It’s the tone of voice when I speak to my insurers. ‘Is there anything else I can help you with?’ she says, dropping into the late-night register usually reserved for lovers. This is a shock, an expected shock, after her regional accent and cheerfulness—she finds my jokes funny, genuinely funny. We’re practically married after our lengthy discussion about off-street parking and my premium going up. ‘It’s a vibrant local community, diverse and exciting…’ I say, ‘but that does mean car windows will get smashed…’
‘Is there anything else I can help you with?’ she says.
‘There is so much,’ I say, and she laughs aware that our call might be monitored for training purposes. ‘Time is passing and my credit rating is zero but if you could believe in me…’
Pause on the line. Her breathing and mine, slowing to each other, wind through trees on the hillside and my mouth against her ear. In the silence we are growing closer. Every breath draws us together.
‘Hello?’
The opticians is a dangerous place for everyday acts of intimacy but with my glasses off I won’t be able to so easily see the Arab optometrist, her sleek black ponytail that bobs in her wake and says No NO YES YES! And I have no money. The best defence against desire.
She sits me in the chair, piping brightly about hereditary diseases and I smell almond butter on her skin.
‘Always keep a spare pair of glasses in the car in case of an emergency…’
She must have felt it too – the emergency in this consulting room while she drops green and red lenses into my frames. If you attune your breathing to someone else then boundaries are breached and the amoeba splits open.

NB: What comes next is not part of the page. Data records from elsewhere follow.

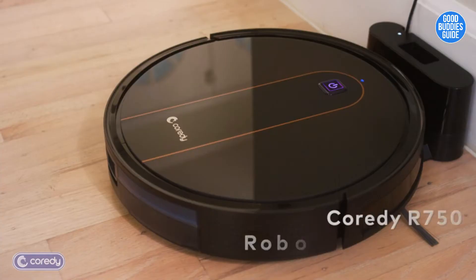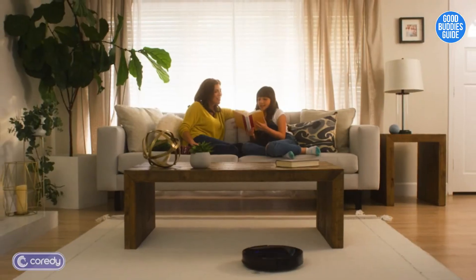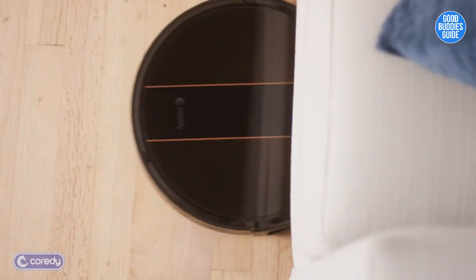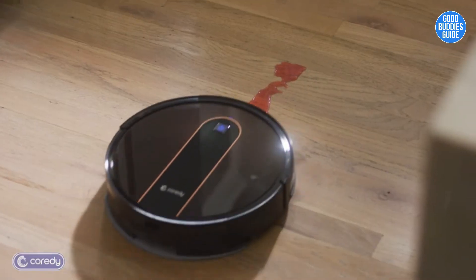Alexa, start Coredy R750. This vacuum has changed my life. It automatically runs from room to room, it gets all those really hard-to-reach places, it even mops.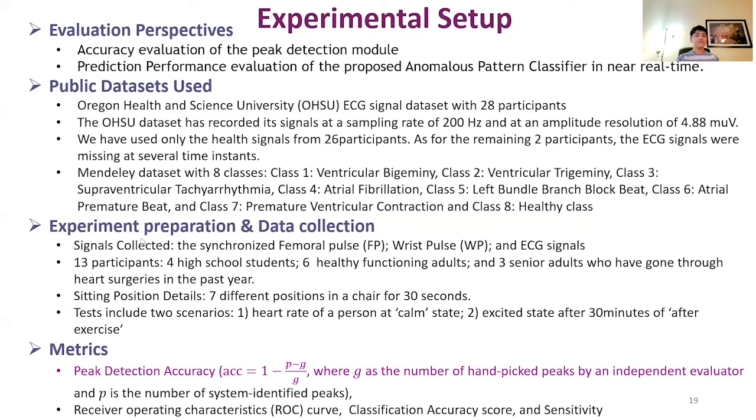To prepare the in-house dataset, we collected synchronized temporal pulse and ECG signals of participants. We used 13 participants: four high school students, six healthy functioning adults, and three senior adults who have undergone heart surgeries in the past. We used seven different sitting positions on a chair for 30 seconds each. The tests include two scenarios: heart rate at a calm state, and an excited state after 30 minutes of exercise.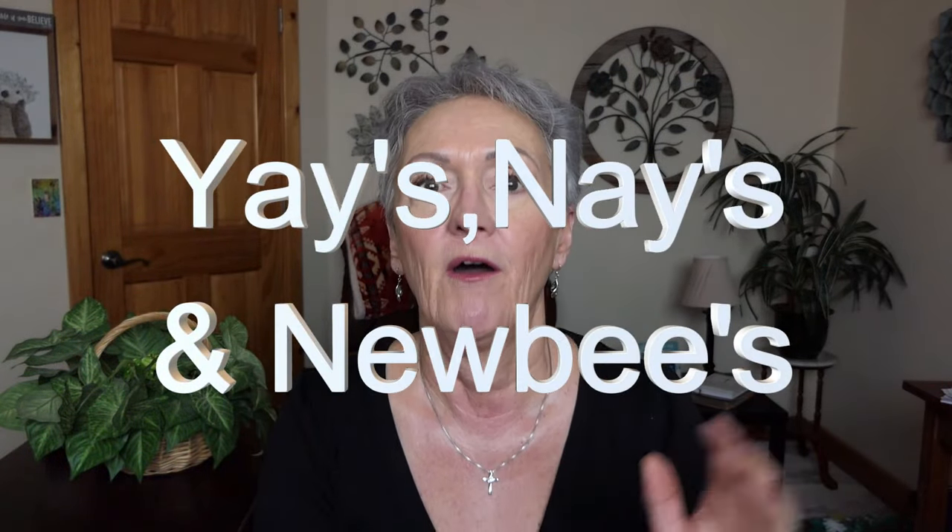Hello beautiful ladies of my heart. It is time again for a yays and nays and newbies — the yays and nays from January. Let's just dive right into it. I have so many loves, so many yays.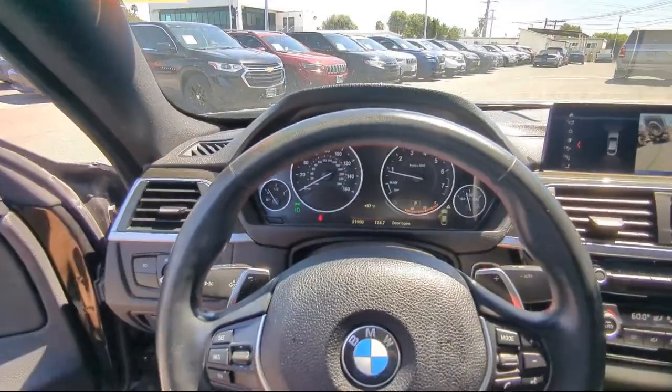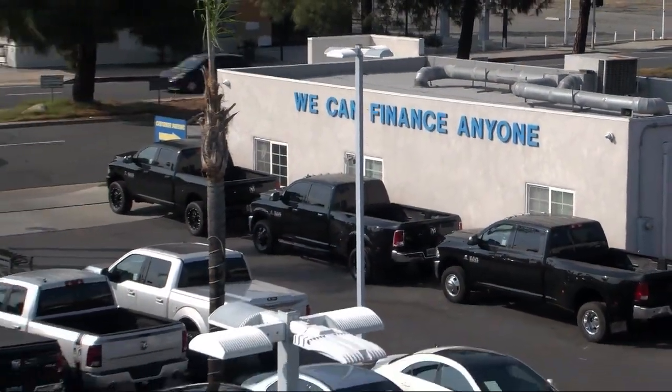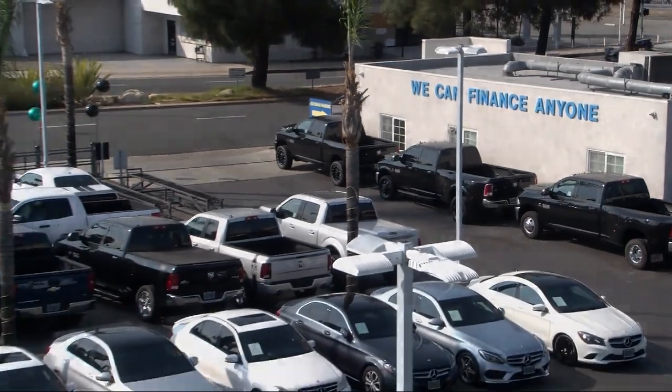Here at East County Pre-Owned Superstore, we've been San Diego County's best for over 20 years, and the number one independent dealership in California 15 years running. Let us prove to you why so many people trust us when it comes to buying their next vehicle.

Her breathing is deeper and her nostrils, tinged with fine red capillaries, widen. She’s been bred to highly strung perfection. I imagine her smashing up the tiled kitchen I’ve installed on our second date because I forgot to put fresh coriander in the humous. ‘Please take your glasses off…’ She’ll see me naked, obscenely so without black frames — not even a lover gets to see that — and she leans in close, too close, and my heart is pummeling my chest, a bruised and ruptured cranberry.
‘I’m going to test your eye pressure.’
‘Hang on,’ I say. If I can preserve this moment a little longer our pheromones will do the rest. We are lovers now, surely this proximity of scent and skin and her eye fastened on mine. I could lick her eyelashes.

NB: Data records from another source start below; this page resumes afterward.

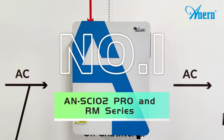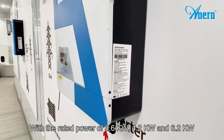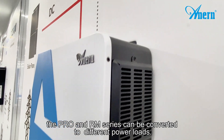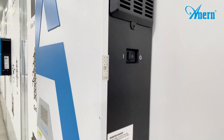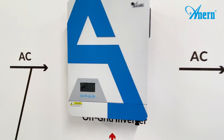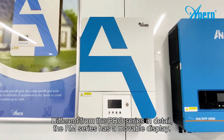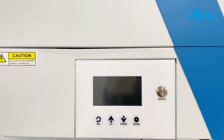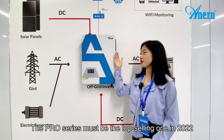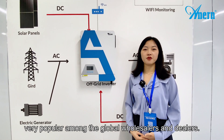Number one is the Pro and IM series. With a rated power of 3.6kW, 4.2kW, and 6.2kW, the Pro and IM series can be configured to different power loads and they have higher quality and good reputation. Different from the Pro series in detail, the IM series has a movable display. The Pro series must be the top selling one in 2022, very popular among global wholesalers and dealers.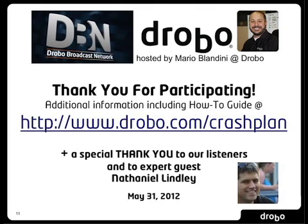Thanks again, Nathaniel, for being our expert guest today — we really appreciate it. You're welcome, it was a lot of fun, Mario. Thanks everybody for listening. Tune in next time as we cover even more interesting topics around storage for small business and home users. Join us again on the Drobo Broadcast Network. See you next time.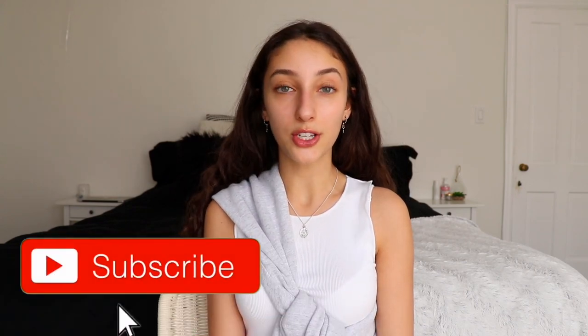Thank you guys so much for watching this video. I hope you found the outfit inspiration you were looking for. If you did, don't forget to give this video a thumbs up. I love you guys so, so very much and I will see you next week. Bye guys.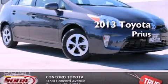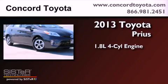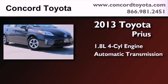This is a brand new 2013 Toyota Prius. It features a 1.8 liter four-cylinder engine and an automatic transmission.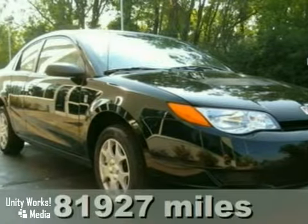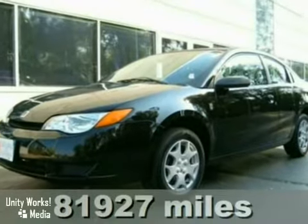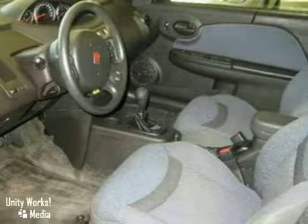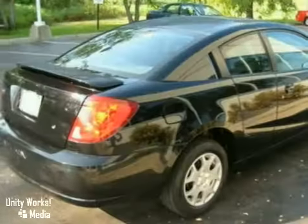Here's the 2004 Saturn Ion 2 Coupe. You'll love it or return it. It features aluminum wheels, keyless entry and a power sunroof. And with a spoiler and a warranty, it won't be here long. So come on in for a test drive today.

‘Just a little jet of air,’ and the jolt flings me over the chair.
I buy everything she offers. Designer frames (two pairs), anti-glare coatings, a built-in chip that detects infra-red emissions from the human heart. We go upstairs into the shop, her silk blouse is pressed to perfection, her ponytail is so well oiled that it slaps against her neck. I keep close. What happened downstairs is the beginning of a new way of talking: naked, without glasses and with lemon coriander tucked behind our ears we’ll sniff each other out in her rooftop apartment.

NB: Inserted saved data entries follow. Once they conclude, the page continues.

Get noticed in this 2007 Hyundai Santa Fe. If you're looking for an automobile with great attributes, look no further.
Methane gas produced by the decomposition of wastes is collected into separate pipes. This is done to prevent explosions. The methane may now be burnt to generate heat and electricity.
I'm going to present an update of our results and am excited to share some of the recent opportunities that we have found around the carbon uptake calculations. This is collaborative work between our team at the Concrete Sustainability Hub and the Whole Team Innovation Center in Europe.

‘My colleague will deal with the transaction…’
‘What?’ I say. How can she withdraw so quickly when we’ve said so much without saying anything at all. If something’s worth fighting for… Three men in suits stroll in, chatting loudly and whisk her off to lunch in a black BMW. My heart is contracting or is it growing stronger? I shuffle to the desk with my pointed blue designer frames, an idiotic pair of glasses – how could Yasmin be so cruel? They make me look like a confirmed lover of the Arts.
I take out my credit card, a month’s wages for what? For a moment downstairs by the eye-charts with words in an unpronounceable language that I’ll never master.
The girl is smaller, less confident. She wears a brace and glasses just like mine. ‘Good choice,’ she says and hands me the machine. I can’t move. She’s doing it too.
‘Would you like me to put it in?’
I cannot believe her boldness. This girl is reaching out to me in broad daylight and to cover my embarrassment I nod and shut my eyes.